The Republican fault line is commonly described as generational--the natural conflict between Young Turks and Old Bulls--or else the result of the difference between the “People’s House” and the slower-moving Senate. Yet the most significant split is that between “movement” conservatives and Republican “regulars.”
The conservative movement sees itself as the wave of the future; its ideological identity transcends loyalty to the Republican Party. Indeed, in the 1970s, when the GOP seemed hopelessly in the thrall of Jerry Ford-type regulars, movementers flirted with forming a true-believing third party. Ronald Reagan’s ascendancy in 1980 made such talk of secession moot; yet even today, the movement is quietly contemptuous of the regulars, whom they view as mere drones, more interested in country-club camaraderie than in storming the barricades of liberalism.
The movement is defined by cutting-edge positions on guns, God and government; it keeps its national consciousness raised via Rush Limbaugh, the Wall Street Journal’s editorial page and a variety of party-bypassing pressure groups such as the National Rifle Assn., the Christian Coalition and Americans for Tax Reform. The Maximum Leader is Newt Gingrich; he paid his dues in the ‘80s, when he orated to an empty House, with only C-SPAN cameras watching. They all laughed then; today, dozens of former C-SPAN junkies are now serving Speaker Gingrich in Congress.

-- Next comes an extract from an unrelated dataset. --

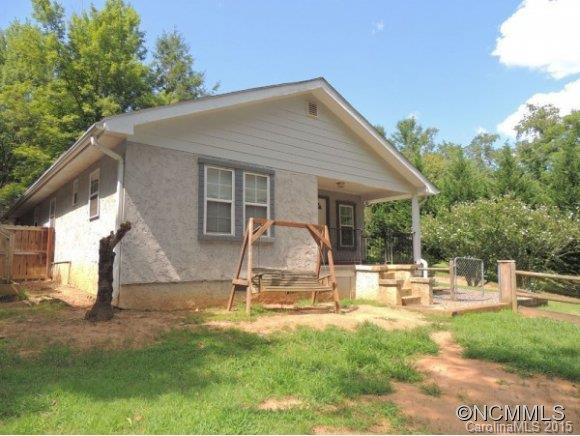 22 BURLESON - Photo 9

What Republican regulars lack in passion, they make up for in numbers. They are the bulk of the party, literally its rank and file. Yet the movement believes that the Republicans’ massive 1994 election victory was a tribute to their movement-inspired message, which cut through the 500-channel clutter of apathy and Oprah. While polls show that only a fraction of voters knew the details of the House Republicans’ “contract with America,” people did know that the Republicans had some sort of shake-’em-up plan, and that was good enough to attract the Perotistas.

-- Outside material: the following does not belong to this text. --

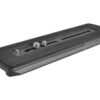 Prompter People Tripod HD500 Plate | Replacement 제품 이미지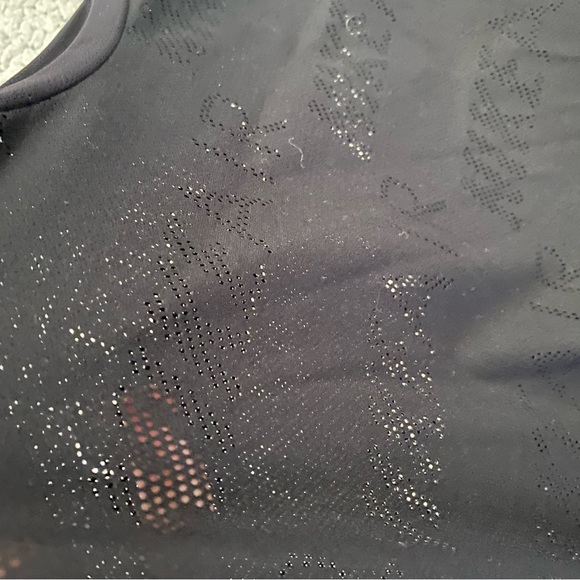 Nike Tank workout Top - Picture 4 of 4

In contrast to members of the “lower chamber,” Republican senators are mostly older; their sharpest edges have been rubbed off by time and incumbency. Most senators weren’t even on the ballot in 1994; nobody can tell them that they are bound by the contract. So when Hatfield defied the movement on the balanced budget, most of his colleagues remained calm. The young senators who did seek to purge him--Connie Mack of Florida and Rick Santorum of Pennsylvania--are both alums of Gingrich’s House. They still see the world through movement eyes; they have not yet developed the parochial perspective of the world’s greatest deliberative body.
The movement may not be able to overcome the institutional roadblocks in the Hatfieldified Senate, but to the committed, the 1995 contract is just a prelude to the 1996 cause. For movementers, defeating Bill Clinton is only the first step in a long journey toward the real goal: deconstructing the bureaucratic welfare state.
Movement conservatives see next year’s presidential election as their chance to vindicate the Reagan Revolution. But to make that happen, the regulars must be stopped from nominating one of their own. Sen. Bob Dole was a reluctant Reaganite all through the ‘80s; his defense of Hatfield is only his most recent counterrevolutionary act. Dole can get away with such behavior in Washington, where the chummy Beltway culture supports him. But next year, Dole will be on the movement’s turf, out in caucus- and primary-land, where only the most zealous trudge through the snow to phone-bank and envelope-stuff. As far as the movement is concerned, Dole is just a bass-voiced version of George Bush, as dismissive of the “vision thing” as Bush--and just as likely to sell out the right on future tax increases.
Many movementers would rather keep Clinton in the White House than elect a deviationist such as Dole, but they can’t say that, lest they arouse the regulars. So movementers will throw every kitchen sink at Dole in the primaries, including his failure to bring Hatfield to heel. The movement looks forward to the day after the New Hampshire primary, when Hatfield opens his morning newspaper and finds a dead fish, with an accompanying note reading: “Bob Dole’s presidential campaign died for your sins!”